THE PROBLEM -
Pictures do not belong in the copy. Write out exactly the lines from the one containing "Three diverse scales" through the end of the data.

--- SUPPLIED DATA Enclosed Below ---

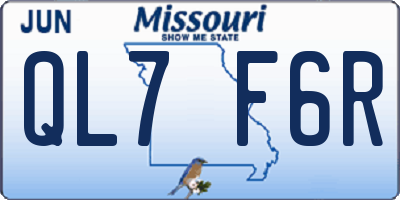 MO license plate QL7F6R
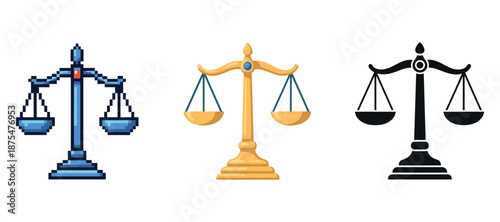 Three diverse scales of justice designs: pixelated, gold, and silhouette variations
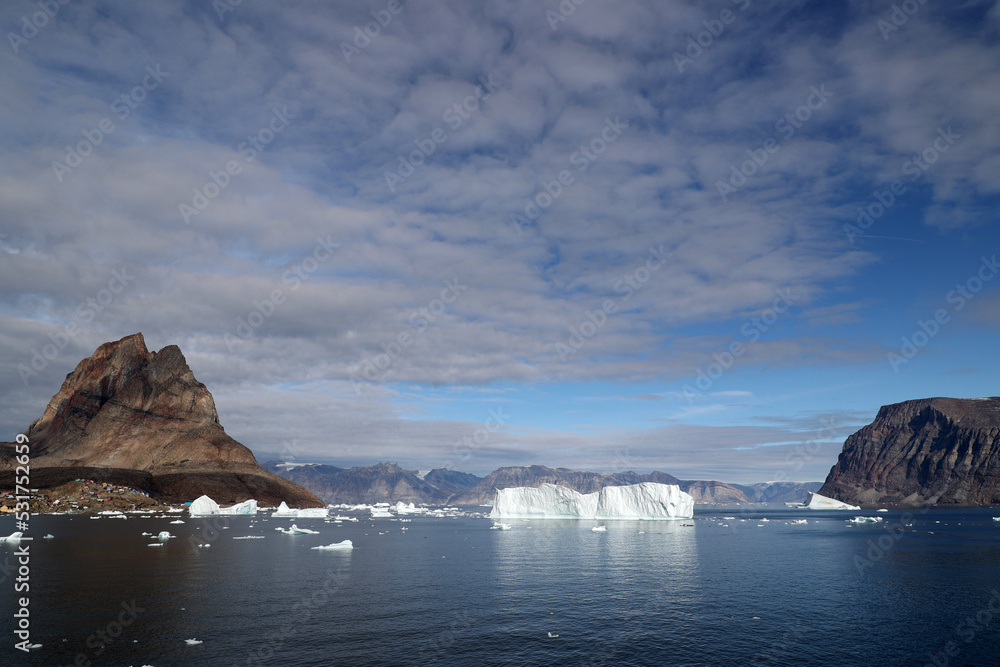 Icebergs in Uummannaq Fjord, Greenland, Denmark  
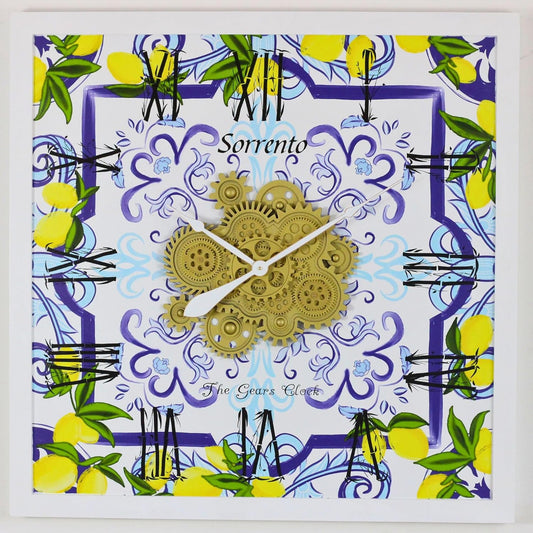 The Gears Clock Wall Clock Italy Collection with Moving Gears (Sorrento, 36 inch Square)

--- End of Enclosed SUPPLIED DATA ---

FINISHED TASK -
 Three diverse scales of justice designs: pixelated, gold, and silhouette variations
 Icebergs in Uummannaq Fjord, Greenland, Denmark  
 The Gears Clock Wall Clock Italy Collection with Moving Gears (Sorrento, 36 inch Square)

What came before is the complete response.